**WHAT THE EXERCISE ASKS**
An exact copy of the data is required. No picture may appear in it.

**RECORDED DATA**
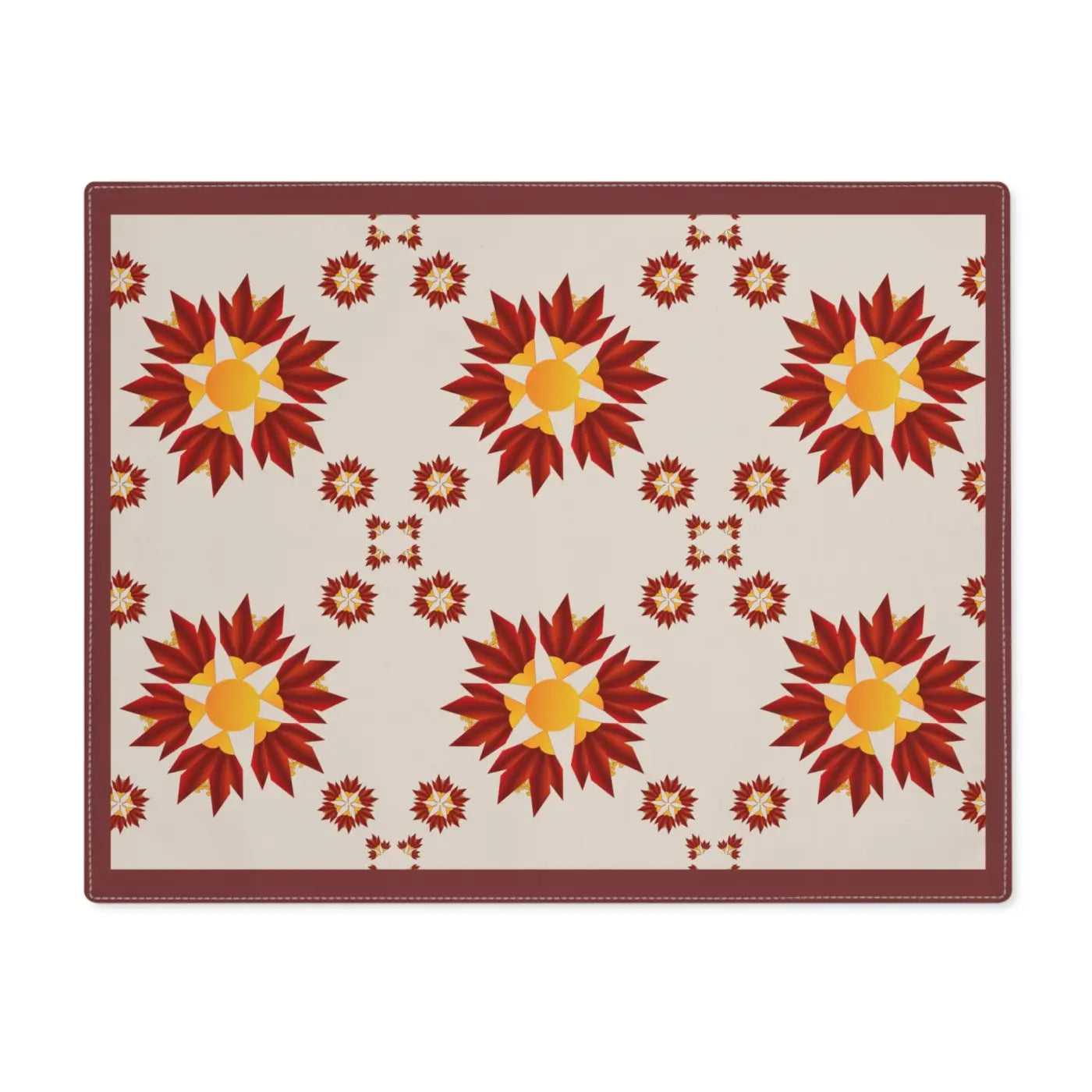 Red Pattern Placemats - Modern Geometric Dining Decor - DipaliZ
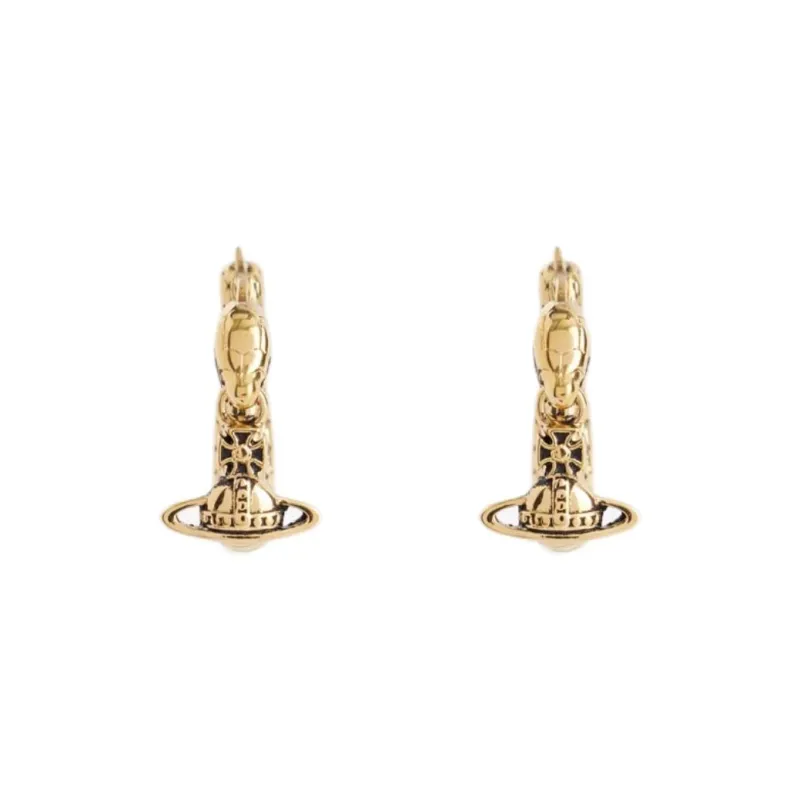 Vivienne Westwood Brass Earrings Women's Antique Gold-2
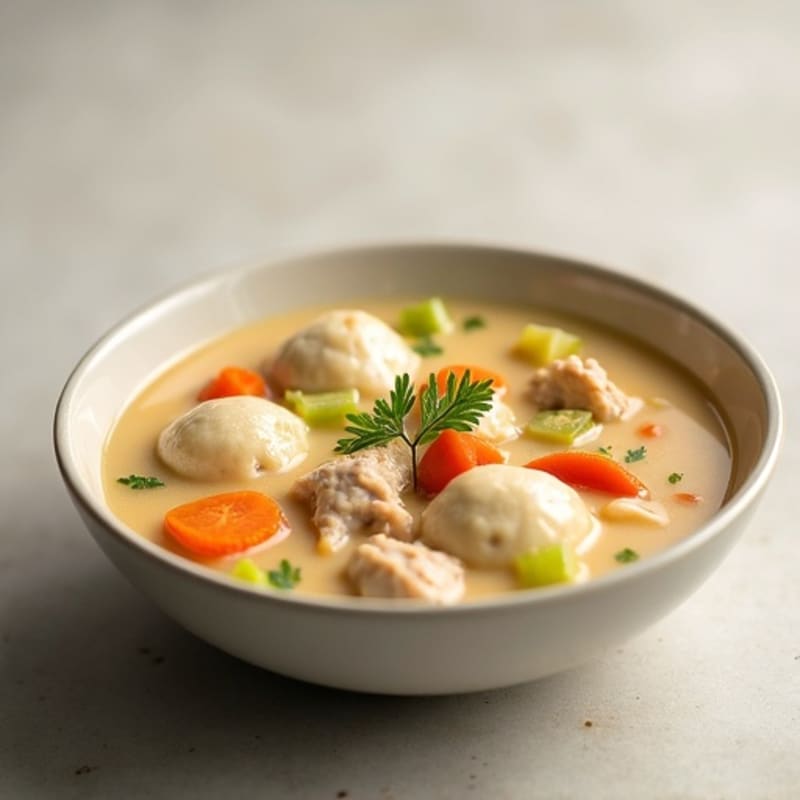 Creamy Chicken and Vegetable Dumpling Soup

**EXERCISE RESULT**
 Red Pattern Placemats - Modern Geometric Dining Decor - DipaliZ
 Vivienne Westwood Brass Earrings Women's Antique Gold-2
 Creamy Chicken and Vegetable Dumpling Soup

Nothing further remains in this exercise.